# Success To The Railroad flask



## dollarbill (Sep 24, 2011)

Hey all not sure what to make of this one.Looks like it could be a good one.Embossed Success To The Railroad both sides.Pontiled with a nice fire finished lip.There are no makes mark that I can find (IE Clevenger Bro.)Lots of seed bubbles and  like three pot stones that I can see .The color is a green aqua.
  Thanks for any help.
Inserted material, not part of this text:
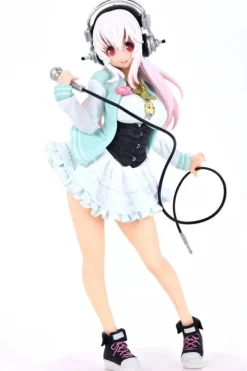 Banpresto SQ Figure Super Sonico JAPAN OFFICIAL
More pics to come.
      bill


----------



## dollarbill (Sep 24, 2011)

The bottom .Oh it sit a little woobley to.


----------



## dollarbill (Sep 24, 2011)

The lip finish.


----------



## dollarbill (Sep 24, 2011)

Potstone in front of the rear wheel.


----------



## dollarbill (Sep 24, 2011)

Potstone in the side .Theres one in the middle of the pontil to.
   Thanks agian for any help all.


----------



## cyberdigger (Sep 24, 2011)

Something's telling me it's a Clevenger, but I wouldn't mind being wrong about that.. []


----------



## dollarbill (Sep 24, 2011)

Hey Charlie well when I picket it up I kind of figured it would be a repo but for 2 buck I thought I could'nt go wrong .If its a Clevenger I'd guess it was an early one would'nt say. Anybody know any tell tail signs .
  Thanks agian .
    bill


----------



## cyberdigger (Sep 24, 2011)

Well, I'll tell you what I thought.. for one, there's no basewear on the bottom, and also it looks.. "heavy" like the glass is too thick..
 for $2 I would not hesitate to acquire it, even if certain it is a repro..


----------



## botlguy (Sep 24, 2011)

According to McKearin & Wilson this is almost definitely an early, 1920s, perhaps the first, reproduction of a flask.  An "in-hand" inspection by a flask expert would be able to tell for sure. It should be very close in appearance to a GV-5. Look at the horses mane and tell us if the mane has a sharp saw tooth design. If so, it is a REPOP.  Also, somehow, the pontil scar doesn't look right to me.


----------



## dollarbill (Sep 24, 2011)

Thanks Botlguy ,The mane on the horses does indeed look like sharp saw teeth. Heres another look at the pontil.
    bill


----------



## beendiggin (Sep 26, 2011)

It should show base wear and usually high point wear.


----------



## suzanne (Sep 27, 2011)

That's not a pontil mark.  You can't have a mold seam and pontil on the bottom at


----------



## bostaurus (Sep 27, 2011)

It is pretty common to have a mold seam and a pontil.....it would be kind of hard to have a *free blown* historical flask or embossed bottle.


----------



## dollarbill (Sep 27, 2011)

Well from what I have learned this is most likely a very early Clevenger Bro Repo .80 yr old.That being said Its not because of lack of base wear or high point wear because there are quite a few historical flask out there that have none.There are a lot of old bottles that have none.Check the Glass house sales you'll see for yourself.The reasoning is that the flask is very heavy and has the the saw shaped horse mane.(Thanks agian Botlguy.)I took it to a flask collector who said his only concern was the weight.Other than that he said it could do well at auction on it own for what it is.Thanks agian all for your comments , replys and info.
   bill


----------



## kungfufighter (Sep 27, 2011)

> ORIGINAL:  bostaurus
> 
> It is pretty common to have a mold seam and a pontil.....it would be kind of hard to have a *free blown* historical flask or embossed bottle.


 
 Spot on Melinda.

 The flask is to my eye a Czech reproduction from the 20s.


----------



## dollarbill (Sep 27, 2011)

Thank you Jeff for your reply. That would be fine too, make it 90 years old.


----------